Ayrıca; 2659 sayılı Yasanın 7 ve 16. maddeleri hükmü uyarınca bir kişinin ehliyetsizliğinin Adli Tıp Kurumu 4. İhtisas Dairesinden alınacak raporla saptanması gerekeceği ve ehliyetsizliğin kamu düzeni ile ilgili olması nedeniyle öncelikle inceleneceği açıktır.
Ne varki, mahkemece ehliyetsizlik iddiası yönünden hükme yeterli bir araştırma ve inceleme yapıldığının söylenebilme imkanı yoktur.

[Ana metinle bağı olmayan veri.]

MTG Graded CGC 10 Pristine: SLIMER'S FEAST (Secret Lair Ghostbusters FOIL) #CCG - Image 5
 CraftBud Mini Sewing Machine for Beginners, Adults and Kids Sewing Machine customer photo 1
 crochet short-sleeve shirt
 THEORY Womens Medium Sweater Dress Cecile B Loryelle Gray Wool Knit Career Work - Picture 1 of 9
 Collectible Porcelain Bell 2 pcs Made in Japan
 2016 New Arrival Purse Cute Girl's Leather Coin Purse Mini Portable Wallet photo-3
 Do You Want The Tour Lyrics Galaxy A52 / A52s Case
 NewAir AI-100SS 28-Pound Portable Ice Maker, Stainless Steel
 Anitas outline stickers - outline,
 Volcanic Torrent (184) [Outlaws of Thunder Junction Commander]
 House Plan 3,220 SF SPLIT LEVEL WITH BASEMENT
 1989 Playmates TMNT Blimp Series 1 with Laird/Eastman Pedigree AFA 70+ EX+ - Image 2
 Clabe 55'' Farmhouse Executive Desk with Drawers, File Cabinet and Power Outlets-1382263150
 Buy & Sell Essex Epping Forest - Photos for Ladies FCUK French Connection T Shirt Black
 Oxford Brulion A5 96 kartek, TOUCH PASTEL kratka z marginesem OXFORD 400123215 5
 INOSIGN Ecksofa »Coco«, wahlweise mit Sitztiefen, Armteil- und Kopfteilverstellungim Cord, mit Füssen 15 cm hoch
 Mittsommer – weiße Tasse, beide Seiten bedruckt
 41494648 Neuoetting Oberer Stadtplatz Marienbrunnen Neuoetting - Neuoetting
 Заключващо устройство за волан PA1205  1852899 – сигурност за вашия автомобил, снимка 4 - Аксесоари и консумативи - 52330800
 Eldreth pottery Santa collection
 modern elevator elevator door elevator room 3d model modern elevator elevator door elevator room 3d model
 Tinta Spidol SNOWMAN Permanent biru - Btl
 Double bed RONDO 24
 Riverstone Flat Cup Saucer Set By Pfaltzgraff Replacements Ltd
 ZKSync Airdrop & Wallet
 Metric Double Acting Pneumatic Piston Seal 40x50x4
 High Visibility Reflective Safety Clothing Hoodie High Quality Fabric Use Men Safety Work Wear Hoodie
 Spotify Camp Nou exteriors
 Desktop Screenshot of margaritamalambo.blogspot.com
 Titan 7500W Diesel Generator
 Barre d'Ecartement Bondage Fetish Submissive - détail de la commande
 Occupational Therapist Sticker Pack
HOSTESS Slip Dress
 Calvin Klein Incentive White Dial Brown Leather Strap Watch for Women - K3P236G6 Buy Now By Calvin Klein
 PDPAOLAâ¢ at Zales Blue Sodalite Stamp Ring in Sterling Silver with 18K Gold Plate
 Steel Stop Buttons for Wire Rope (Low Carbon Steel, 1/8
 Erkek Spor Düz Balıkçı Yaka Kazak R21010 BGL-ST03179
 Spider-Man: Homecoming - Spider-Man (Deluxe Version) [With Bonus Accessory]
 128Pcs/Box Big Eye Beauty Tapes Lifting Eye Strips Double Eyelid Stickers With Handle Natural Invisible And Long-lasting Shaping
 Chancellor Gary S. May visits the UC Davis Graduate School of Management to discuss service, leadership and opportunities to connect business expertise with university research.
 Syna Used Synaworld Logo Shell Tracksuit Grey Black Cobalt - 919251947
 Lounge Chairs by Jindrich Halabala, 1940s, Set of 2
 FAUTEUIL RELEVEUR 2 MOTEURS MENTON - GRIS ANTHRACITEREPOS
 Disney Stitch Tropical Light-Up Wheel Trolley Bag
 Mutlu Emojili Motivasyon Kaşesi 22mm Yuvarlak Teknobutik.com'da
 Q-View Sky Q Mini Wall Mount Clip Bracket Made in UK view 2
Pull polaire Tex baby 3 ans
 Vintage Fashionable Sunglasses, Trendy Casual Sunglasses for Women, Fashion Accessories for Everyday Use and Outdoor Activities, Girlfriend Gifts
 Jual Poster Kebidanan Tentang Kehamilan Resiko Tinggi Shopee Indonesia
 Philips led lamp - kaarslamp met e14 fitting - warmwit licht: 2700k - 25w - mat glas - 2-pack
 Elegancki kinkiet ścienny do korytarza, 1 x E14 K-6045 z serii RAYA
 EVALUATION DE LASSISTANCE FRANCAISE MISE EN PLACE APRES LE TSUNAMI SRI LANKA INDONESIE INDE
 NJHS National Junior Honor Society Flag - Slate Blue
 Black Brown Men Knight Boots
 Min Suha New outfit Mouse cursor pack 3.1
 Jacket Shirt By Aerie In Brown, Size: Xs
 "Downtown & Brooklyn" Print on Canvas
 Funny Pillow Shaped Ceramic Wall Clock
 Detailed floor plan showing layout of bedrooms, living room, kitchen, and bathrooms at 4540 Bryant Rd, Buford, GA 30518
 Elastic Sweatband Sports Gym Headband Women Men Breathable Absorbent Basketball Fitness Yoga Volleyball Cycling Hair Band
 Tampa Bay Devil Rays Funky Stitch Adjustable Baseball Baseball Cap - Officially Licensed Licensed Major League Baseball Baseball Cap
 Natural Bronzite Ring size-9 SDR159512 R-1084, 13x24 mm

O halde, hukuki ehliyetsizliğin kamu düzeni ile ilgili olduğu gözetilerek ve önemine binaen öncelikle incelenmesi, tarafların bu yönde bildirecekleri tüm delillerin toplanması, varsa miras bırakana ait sağlık kurulu raporları, hasta müşahade kağıtları, reçeteler vs. istenmesi, tüm dosyanın Adli Tıp Kurumu’na gönderilmesi, akit tarihinde miras bırakanın ehliyetli olup olmadığı yönünde rapor alınması, miras bırakanın ehliyetli olduğunun saptanması halinde muris muvazaası hukuksal nedenine dayalı isteğin değerlendirilmesi gerekeceği kuşkusuzdur.
Hal böyle olunca, yukarıda açıklanan ilkeler çerçevesinde gerekli araştırma ve incelemenin yapılması, soruşturmanın eksiksiz tamamlanması, sonucuna göre bir karar verilmesi gerekirken eksik soruşturma ile yetinilerek hüküm kurulması doğru değildir.
Davacının, temyiz itirazının kabulü ile hükmün açıklanan nedenlerden ötürü (6100 sayılı Yasanın geçici 3.maddesi yollaması ile) 1086 sayılı HUMK."nın 428.maddesi gereğince BOZULMASINA, alınan peşin harcın temyiz edene geri verilmesine, 19.01.2012 tarihinde oybirliğiyle karar verildi.